### [Exercise]
Going from the line that contains "Buffet 2 portes" to the last line of the material below, repeat every line exactly.

### [Input records]
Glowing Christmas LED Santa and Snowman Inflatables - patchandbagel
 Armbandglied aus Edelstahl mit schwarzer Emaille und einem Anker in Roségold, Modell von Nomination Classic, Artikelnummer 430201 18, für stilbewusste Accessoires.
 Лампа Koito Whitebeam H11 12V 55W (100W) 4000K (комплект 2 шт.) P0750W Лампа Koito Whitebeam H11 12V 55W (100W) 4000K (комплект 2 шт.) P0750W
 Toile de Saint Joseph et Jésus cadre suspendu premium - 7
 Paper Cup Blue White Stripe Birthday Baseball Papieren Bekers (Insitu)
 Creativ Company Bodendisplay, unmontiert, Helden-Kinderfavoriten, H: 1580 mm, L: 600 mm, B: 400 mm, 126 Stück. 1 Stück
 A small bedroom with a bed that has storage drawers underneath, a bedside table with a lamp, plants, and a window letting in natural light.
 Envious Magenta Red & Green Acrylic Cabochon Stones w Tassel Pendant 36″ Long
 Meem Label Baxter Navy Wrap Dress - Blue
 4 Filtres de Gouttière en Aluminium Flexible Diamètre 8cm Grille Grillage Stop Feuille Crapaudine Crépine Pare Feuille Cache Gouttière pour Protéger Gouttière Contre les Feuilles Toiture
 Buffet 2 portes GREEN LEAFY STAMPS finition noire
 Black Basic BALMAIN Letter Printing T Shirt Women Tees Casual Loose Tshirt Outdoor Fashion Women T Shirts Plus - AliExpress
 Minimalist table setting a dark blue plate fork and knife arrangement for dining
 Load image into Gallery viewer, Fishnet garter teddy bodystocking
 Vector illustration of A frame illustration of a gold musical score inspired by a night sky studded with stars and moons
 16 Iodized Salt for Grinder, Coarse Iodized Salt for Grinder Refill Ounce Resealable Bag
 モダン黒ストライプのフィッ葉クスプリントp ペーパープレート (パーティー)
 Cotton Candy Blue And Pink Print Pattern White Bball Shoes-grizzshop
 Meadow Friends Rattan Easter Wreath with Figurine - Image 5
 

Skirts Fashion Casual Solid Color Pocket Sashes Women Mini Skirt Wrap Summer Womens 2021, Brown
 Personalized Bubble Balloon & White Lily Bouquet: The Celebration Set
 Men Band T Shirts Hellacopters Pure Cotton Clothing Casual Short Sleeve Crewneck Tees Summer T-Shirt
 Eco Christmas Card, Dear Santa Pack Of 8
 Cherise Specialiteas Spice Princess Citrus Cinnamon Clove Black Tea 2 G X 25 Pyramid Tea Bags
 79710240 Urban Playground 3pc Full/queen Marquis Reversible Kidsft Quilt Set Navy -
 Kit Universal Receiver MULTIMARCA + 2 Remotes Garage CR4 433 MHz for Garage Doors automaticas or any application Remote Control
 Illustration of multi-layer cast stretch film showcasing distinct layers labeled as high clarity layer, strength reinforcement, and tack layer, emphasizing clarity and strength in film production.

### [Task result]
 Buffet 2 portes GREEN LEAFY STAMPS finition noire
 Black Basic BALMAIN Letter Printing T Shirt Women Tees Casual Loose Tshirt Outdoor Fashion Women T Shirts Plus - AliExpress
 Minimalist table setting a dark blue plate fork and knife arrangement for dining
 Load image into Gallery viewer, Fishnet garter teddy bodystocking
 Vector illustration of A frame illustration of a gold musical score inspired by a night sky studded with stars and moons
 16 Iodized Salt for Grinder, Coarse Iodized Salt for Grinder Refill Ounce Resealable Bag
 モダン黒ストライプのフィッ葉クスプリントp ペーパープレート (パーティー)
 Cotton Candy Blue And Pink Print Pattern White Bball Shoes-grizzshop
 Meadow Friends Rattan Easter Wreath with Figurine - Image 5
 

Skirts Fashion Casual Solid Color Pocket Sashes Women Mini Skirt Wrap Summer Womens 2021, Brown
 Personalized Bubble Balloon & White Lily Bouquet: The Celebration Set
 Men Band T Shirts Hellacopters Pure Cotton Clothing Casual Short Sleeve Crewneck Tees Summer T-Shirt
 Eco Christmas Card, Dear Santa Pack Of 8
 Cherise Specialiteas Spice Princess Citrus Cinnamon Clove Black Tea 2 G X 25 Pyramid Tea Bags
 79710240 Urban Playground 3pc Full/queen Marquis Reversible Kidsft Quilt Set Navy -
 Kit Universal Receiver MULTIMARCA + 2 Remotes Garage CR4 433 MHz for Garage Doors automaticas or any application Remote Control
 Illustration of multi-layer cast stretch film showcasing distinct layers labeled as high clarity layer, strength reinforcement, and tack layer, emphasizing clarity and strength in film production.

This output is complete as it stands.